Google BigQuery

Server Source code Package

Server-side event streaming to Google BigQuery via the Storage Write API for low-latency analytics, machine learning workloads, and data warehousing. The @walkeros/server-destination-gcp package also ships destinationPubSub for publishing events to Pub/Sub topics; this page covers BigQuery only.

Where this fits

GCP BigQuery is a server destination in the walkerOS flow:

Streams events to Google BigQuery for data warehousing, analytics dashboards, and machine learning workloads.

Installation

Integrated
Bundled

Add to your flow.json destinations:

CLI reference

Configuration

This destination uses the standard destination config wrapper (consent, data, env, id, ...). For the shared fields see destination configuration. Package-specific fields live under config.settings and are listed below.

Settings

Property	Type	Description
`client`	`any`	Google Cloud BigQuery client instance
`projectId*`	`string`	Google Cloud Project ID
`datasetId`	`string`	BigQuery dataset ID where events will be stored
`tableId`	`string`	BigQuery table ID for event storage
`location`	`string`	Geographic location for the BigQuery dataset
`bigquery`	`any`	Additional BigQuery client configuration options

* Required fields

Mapping

This package does not define custom rule-level settings. For the standard rule fields (consent, condition, data, batch, name, policy) see mapping.

Examples

Page view

A page view is appended as one row through the BigQuery Storage Write API JSONWriter. Nested objects/arrays in data, source, etc. are JSON-stringified by eventToRow.

Event

Out

Purchase

An order event is appended as a single row through JSONWriter.appendRows. The entire nested data object (including arrays like items) is JSON-stringified into the data column via eventToRow().

Event

Out

Prerequisites

Google Cloud account with billing enabled
gcloud CLI installed and authenticated (includes bq command)

Setup lifecycle

Provision the dataset and table once per environment with the CLI:

Output: a narrated setup: ok destination.bigquery line. Add --json to also emit a structured envelope reporting { datasetCreated, tableCreated } for jq piping. The command is idempotent, safe to re-run.

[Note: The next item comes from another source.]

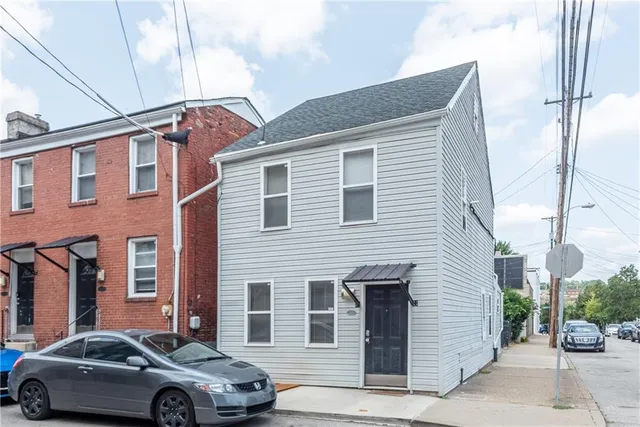 $1,595 | 1519 Bingham Street, Pittsburgh, PA 15203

config.setup controls provisioning:

omitted or false: narrated skip, no provisioning. Operator runs setup explicitly to provision.
true: provision with the defaults below.
object matching the Setup interface: provision with the declared overrides.

See the Setup interface in the package for the full shape.

Defaults

Field	Value
`datasetId`	`walkerOS` (note capital O, S)
`tableId`	`events`
`location`	`EU`
`storageBillingModel`	`PHYSICAL` (cheaper for compressible JSON)
Partitioning	Day partitioning on `timestamp`
Clustering	`(name, entity, action)`

Cost optimization

Physical storage billing charges based on compressed size. Day partitioning and the (name, entity, action) clustering reduce scan costs for typical analytics queries. Always include a timestamp filter.

Drift handling

If the existing table's partitioning, clustering, or schema differs from the declared configuration, setup logs WARN setup.drift {...} and continues. There is no auto-mutation. Migrations are an operator decision.

GCP setup

Enable BigQuery API

Create service accounts

The provisioning step (setup) and the runtime push path need different permissions. We recommend separating them.

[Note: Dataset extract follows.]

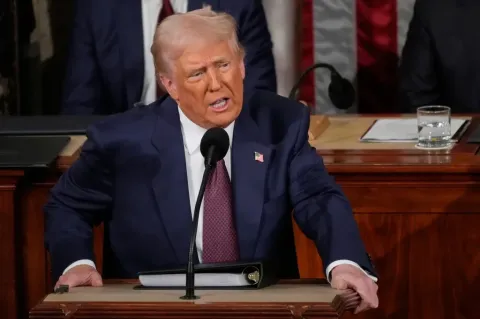 Трамп отменил на месяц пошлины для некоторых автопроизводителей Канады и Мексики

Operator (setup) service account, used by walkeros setup:

bigquery.datasets.create
bigquery.tables.create
bigquery.datasets.get (for drift detection)
bigquery.tables.get

Runtime service account, used by the running flow:

bigquery.tables.updateData (Storage Write API append)

Authentication

Service Account Key
Workload Identity

For environments where you need explicit credentials (Docker containers, external platforms):

Set the environment variable to use the key:

caution

Keep key files secure. Never commit them to version control or include in public Docker images.

Inline credentials

Instead of relying on GOOGLE_APPLICATION_CREDENTIALS, you can pass auth options inline via settings.bigquery (for example keyFilename or credentials). These apply to both the control plane (setup, metadata) and the data plane (Storage Write API ingestion). A pre-built settings.client authenticates the control plane only; supply settings.bigquery for the data plane to use non-ADC credentials.

Environment variables

Variable	Description	Default
`GCP_PROJECT_ID`	Your GCP project ID	Required
`BQ_DATASET`	BigQuery dataset name	`walkerOS`
`BQ_TABLE`	BigQuery table name	`events`
`BQ_LOCATION`	BigQuery dataset location	`EU`
`GOOGLE_APPLICATION_CREDENTIALS`	Path to service account key	Required (unless using Workload Identity)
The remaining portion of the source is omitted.